## WHAT THE EXERCISE ASKS
From the material below, please set down exactly the lines starting with the one with "Dream: life comes" and going on through the one with "Fuchsia Bees Fashionable", without a single picture.

## DATA FOR ANALYSIS
--- START ---

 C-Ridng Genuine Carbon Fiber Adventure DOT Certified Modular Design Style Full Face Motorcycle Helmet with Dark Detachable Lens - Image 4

--- END ---
--- START ---

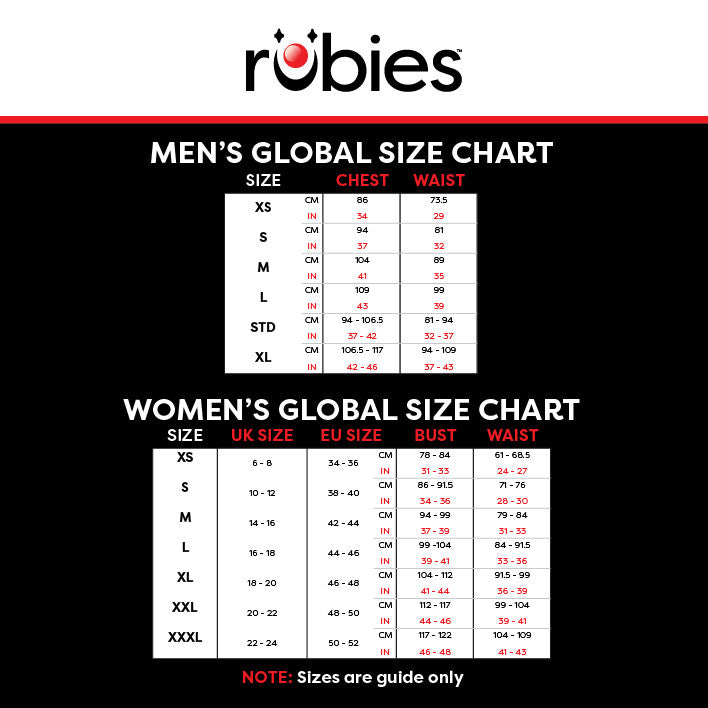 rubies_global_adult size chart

--- END ---
--- START ---

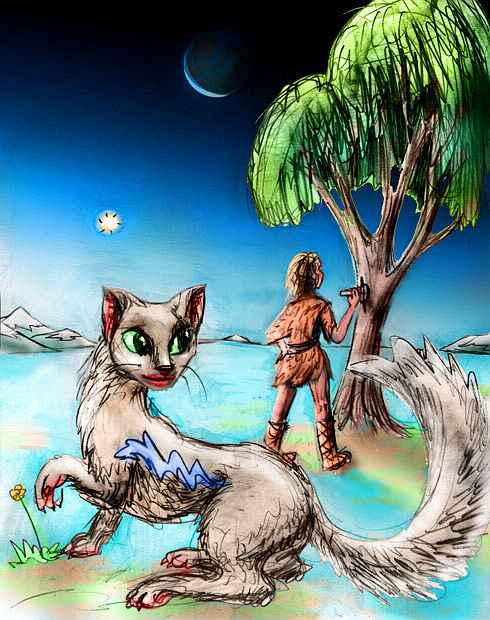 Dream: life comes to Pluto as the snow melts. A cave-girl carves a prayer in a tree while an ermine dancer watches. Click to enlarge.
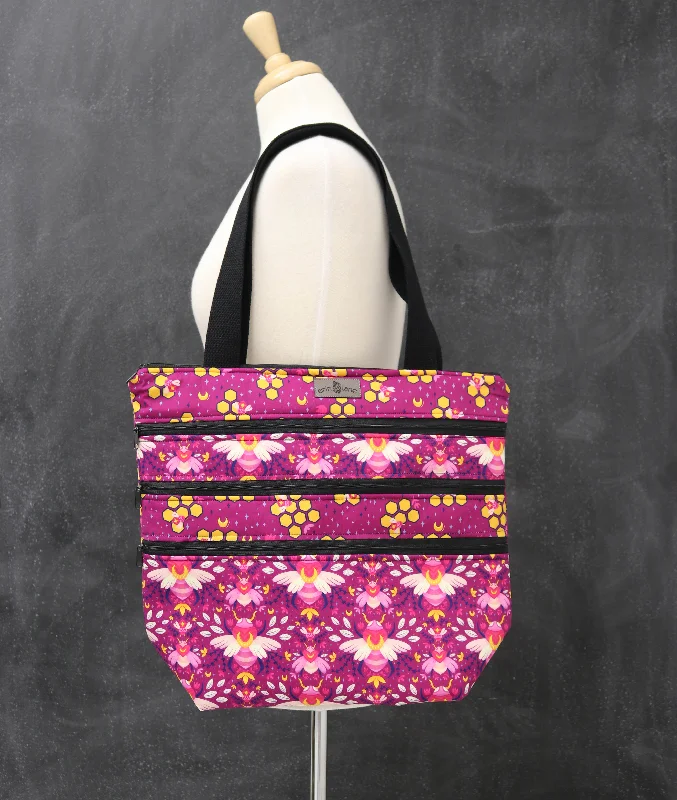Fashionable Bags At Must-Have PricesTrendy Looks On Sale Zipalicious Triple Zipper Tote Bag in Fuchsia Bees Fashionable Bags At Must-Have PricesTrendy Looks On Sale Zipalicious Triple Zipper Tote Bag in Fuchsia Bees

--- END ---

## FINAL ANSWER
 Dream: life comes to Pluto as the snow melts. A cave-girl carves a prayer in a tree while an ermine dancer watches. Click to enlarge.
Fashionable Bags At Must-Have PricesTrendy Looks On Sale Zipalicious Triple Zipper Tote Bag in Fuchsia Bees Fashionable Bags At Must-Have PricesTrendy Looks On Sale Zipalicious Triple Zipper Tote Bag in Fuchsia Bees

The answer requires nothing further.